It was not known if other state or local incentives were reduced for those companies that lowered their job-creation targets. The Nerve reported last year, citing a review of state and local incentives agreements, that Proterra could receive at least $40 million in incentives over 10 years based on its initial job-creation and capital-investment targets.

Offering taxpayer-supported incentives is no guarantee that a company will locate in South Carolina. For example, the CCED in 2008 offered grants of $4 million and $12 million to Laurens and Greenville counties, respectively, to help Chicago-based American Titanium Works locate facilities in those counties, according to the September 2011 minutes of the CCED.

But the project was delayed a number of times, and the Coordinating Council set a final extension deadline of Dec. 31, 2011, according to the minutes. In July, the company announced it was reviving its plans to create 350 jobs in the Upstate, according to a story in the Spartanburg Herald-Journal, though it’s not known if the state renewed its incentives offer for the project.

In reviewing meeting minutes of the CCED and Enterprise Program Committee, The Nerve also found that taxpayer-supported incentives were approved for projects not directly related to companies locating or expanding in South Carolina.
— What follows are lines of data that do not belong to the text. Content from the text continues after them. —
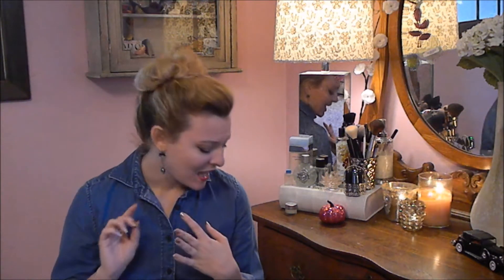Hi everyone, it's Elizabeth. Welcome back to my channel. So today is going to be a collective haul of garage sales, thrift sales, and one or two actually new items.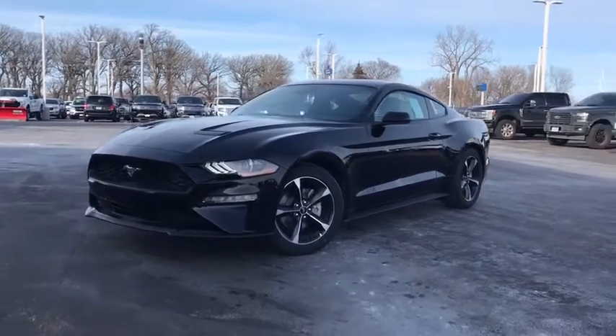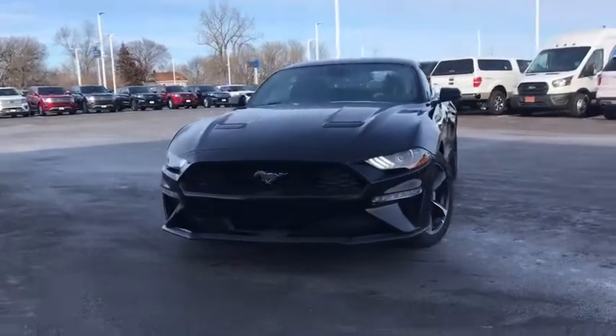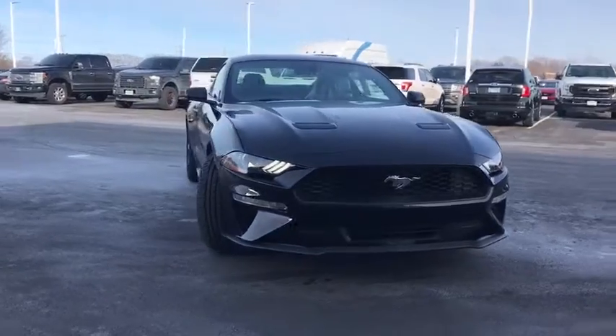Come test drive the 2021 Ford Mustang. The Mustang is race worthy and ready for the track.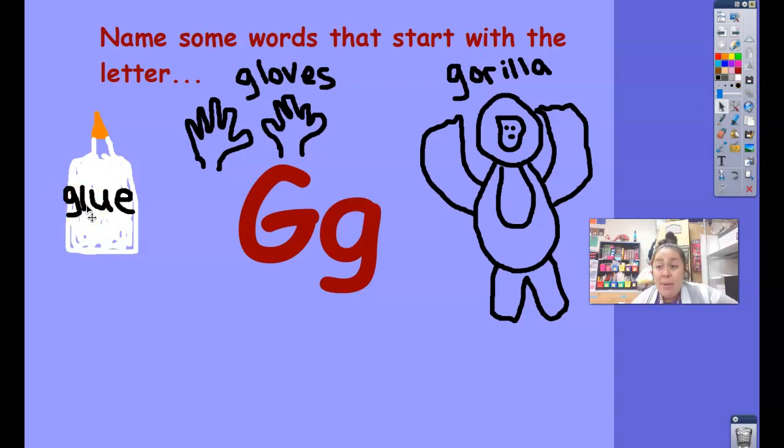Today, I want you to tell me what are some words that rhyme with fox? And think of another word that starts with the G sound. All right, my friends. I'll see you tomorrow. Bye.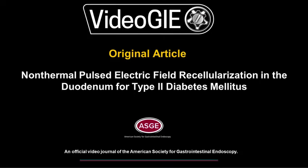Non-thermal pulse electrical field re-cellularization in the duodenum for type 2 diabetes mellitus.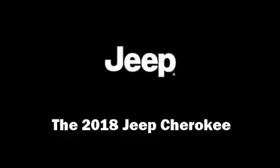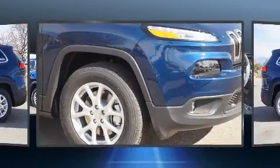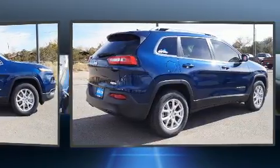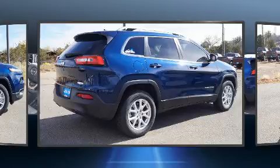You can expect a lot from the 2018 Jeep Cherokee. Smooth gear shifts are achieved thanks to the efficient four-cylinder engine, and for added security, dynamic stability control supplements the drivetrain. Four-wheel drive allows you to go places you've only imagined.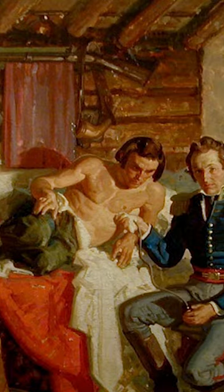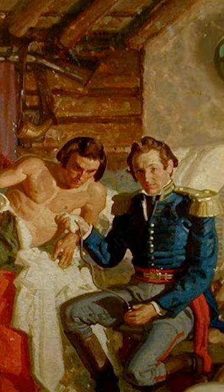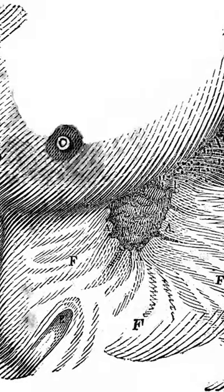The walls of his stomach healed directly to the side of his abdomen, essentially creating a window into his stomach. St. Martin's injury provided the doctor with the rare opportunity to finally study the process of human digestion.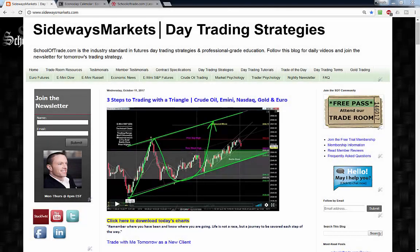It's about that time of day again. My name is Joseph — Thursday evening, October 12th. Welcome back to your nightly newsletter. We're covering crude oil, S&P, Nasdaq, gold, and euro this evening.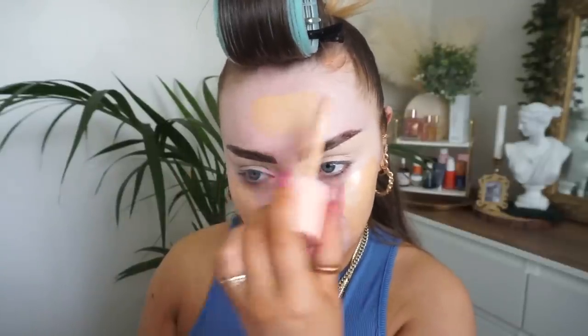Starting off with a primer. ELF Halo Glow is definitely a go-to of mine recently. I've done nothing but use this since I got it. I had the Charlotte Tilbury one and it took me a long time, if not a couple of years, to get through it. I don't know whether I just wasn't really vibing with the product or I'm just in my softer complexion glowing era where this type of product is something I'm more gravitating towards.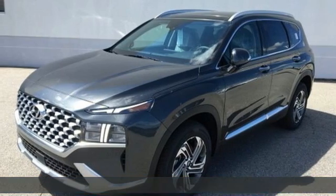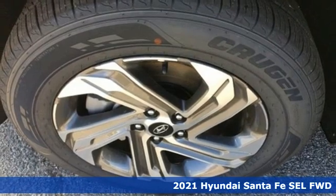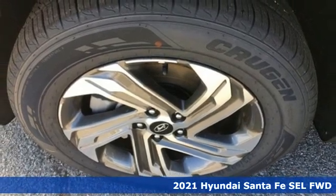Here's a new 2021 Hyundai Santa Fe — comfortable for people, spacious for cargo, and styled to lift standards.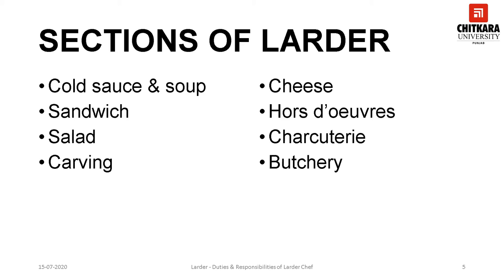The larder can include various sections. The cold sauce and soup section is responsible for preparing cold soups and accompanying sauces for appetizers and even for main courses. Different types of dressings are also prepared and stored in this section, like tartar sauce, mayonnaise, etc.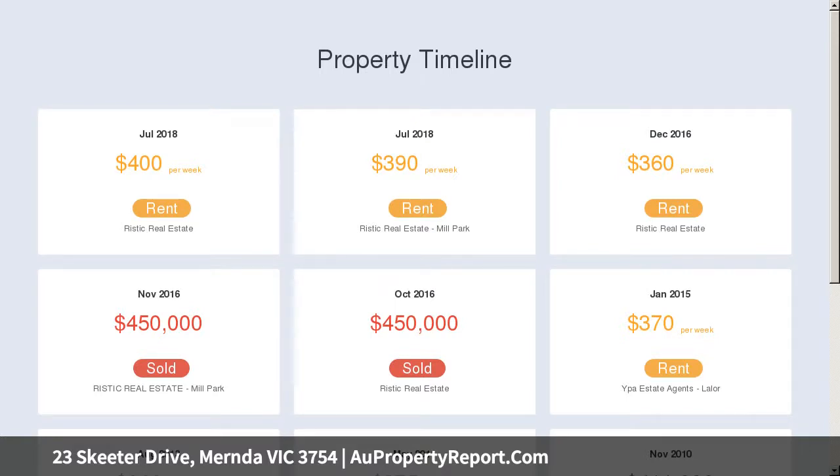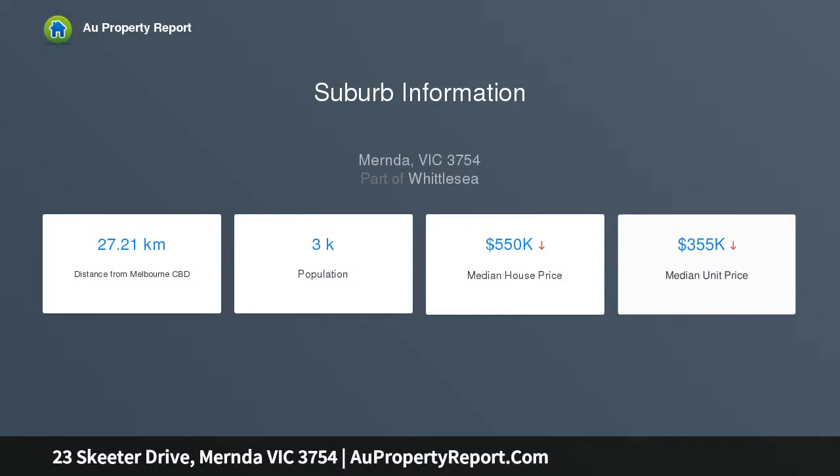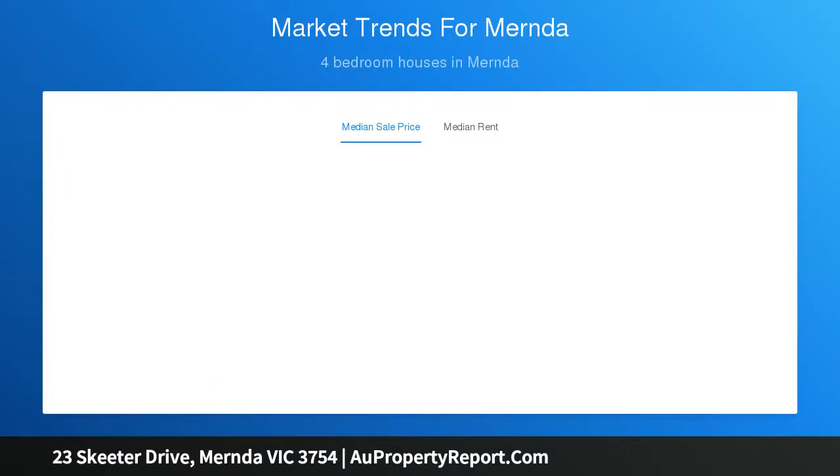The spacious kitchen offers ample cupboard space, stainless steel appliances including dishwasher, gas stove and electric oven, while an island bench overlooks the large open-plan meals, dining and family rooms.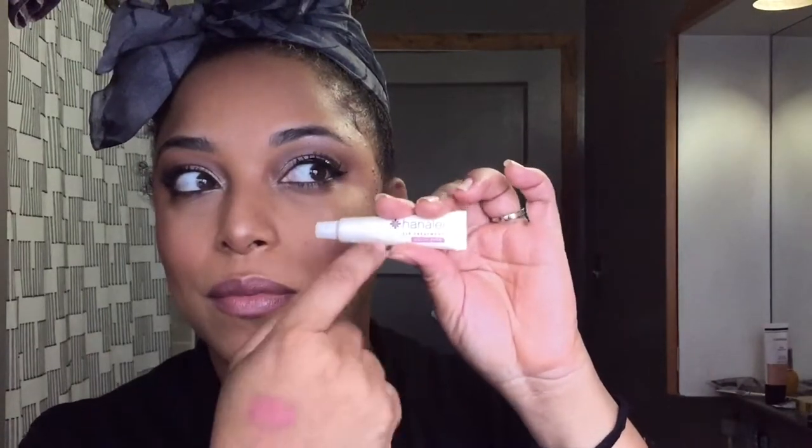I also used this — I got the Hanale using my rewards points. I wish I had more points because this is phenomenal. I got the regular before, but this one is in Mauve Pink and it is so pretty. I used it under the bronzer, so you'll see that.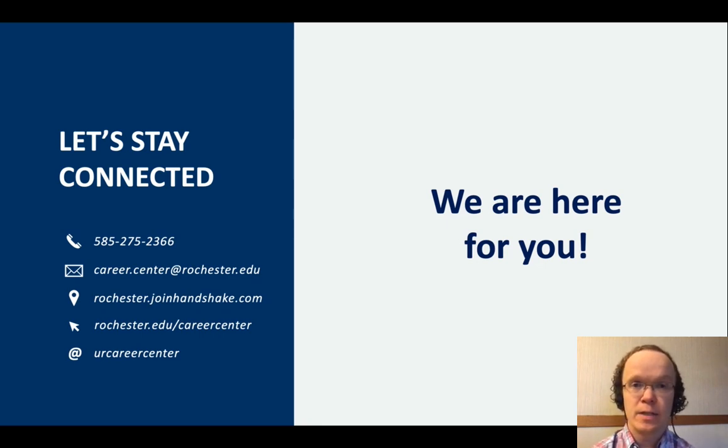If you'd like to practice your skills with a career advisor, schedule an appointment through Handshake. We'd love to practice with you. Good luck!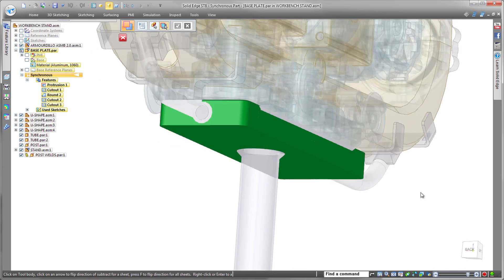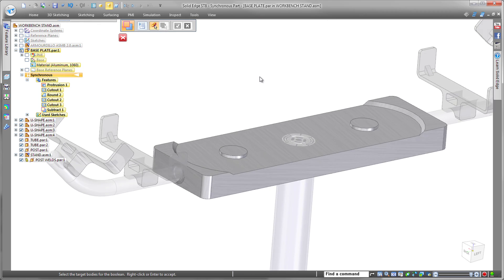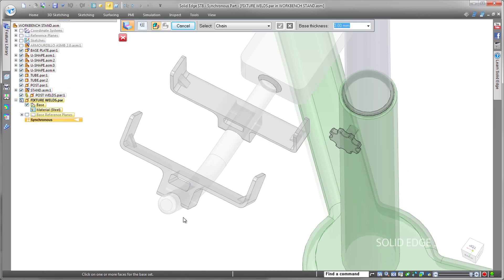Whether you're a history-based guru or you're a direct modeling expert, Solid Edge with synchronous technology enables you to be more innovative and bring products to market faster and really at less cost also. It's got visual and efficient design intent management that allows you to focus on the design instead of just the modeling.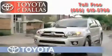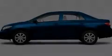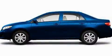Another fine vehicle offered by Toyota of Dallas. This is a brand new 2010 Toyota Corolla.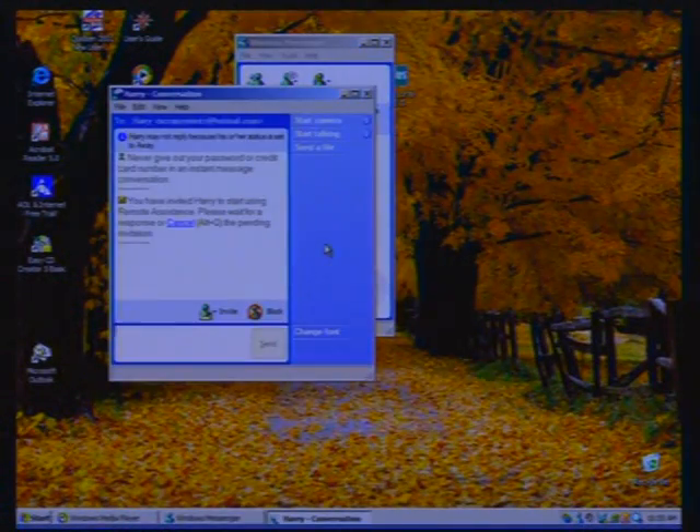Windows Messenger also features remote assistance — a really neat feature for someone who needs help on the computer. If your mother was having trouble and you both had XP with Messenger, you could take control of her computer from the other side of the country. You can actually see the computer being manipulated by the person at the other end. This is a feature you could have gotten before from a third party, but now it's bundled inside the operating system.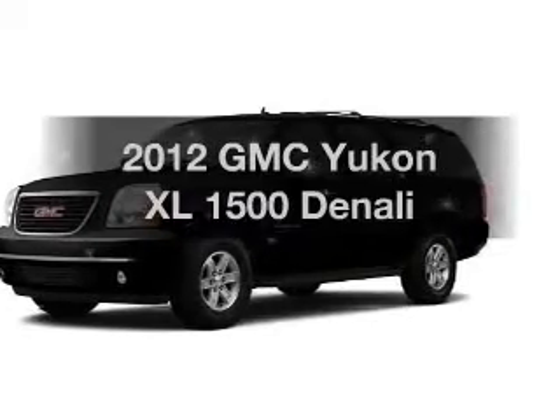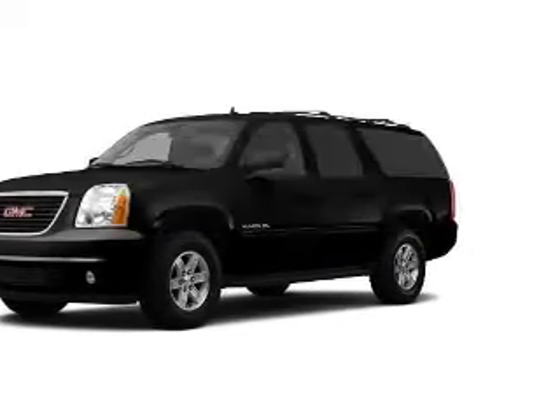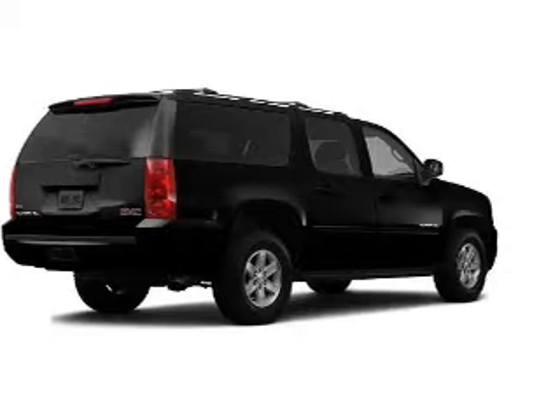Presenting the 2012 GMC Yukon XL. If you're looking for a first-rate auto, this one could be yours today.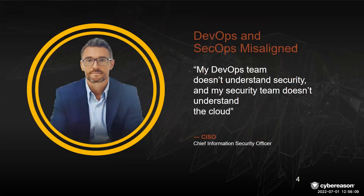I want to share a quick highlight here on DevOps and SecOps misalignment. This is an interesting quote from a CISO I had met with and discussed the challenges of cloud security with. He essentially said: my DevOps team doesn't understand security, and my security team doesn't understand the cloud. It seems simple and straightforward, but it really speaks to some of the key challenges that CISOs, leadership, and security analysts all the way up into the C-suite are dealing with. Coming up with a solution that can solve the problem for both types of stakeholders within an organization is critical.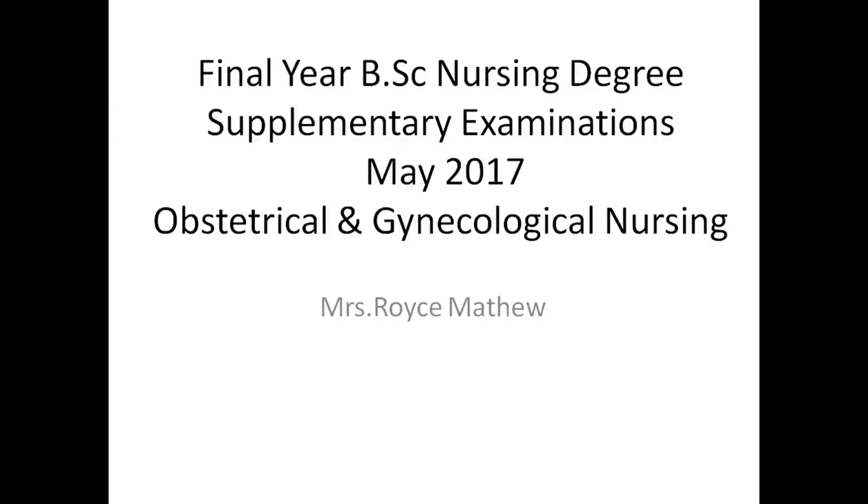Good morning students. Today's class we will see about the BSc Nursing Degree Supplementary Examination May 2017.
For example, the Coordinating Council in 2010 approved a $71,000 Rural Infrastructure Fund grant to the cities of Laurens and Walterboro to start a “Teen After School Center Plus Program,” which according to CCED minutes, is “aimed at improving community safety, aiding at-risk youth and strengthening conditions to encourage economic development.”

The Coordinating Council approved an additional $70,000 last March to continue the program at both locations, according to the council’s June 14 meeting minutes.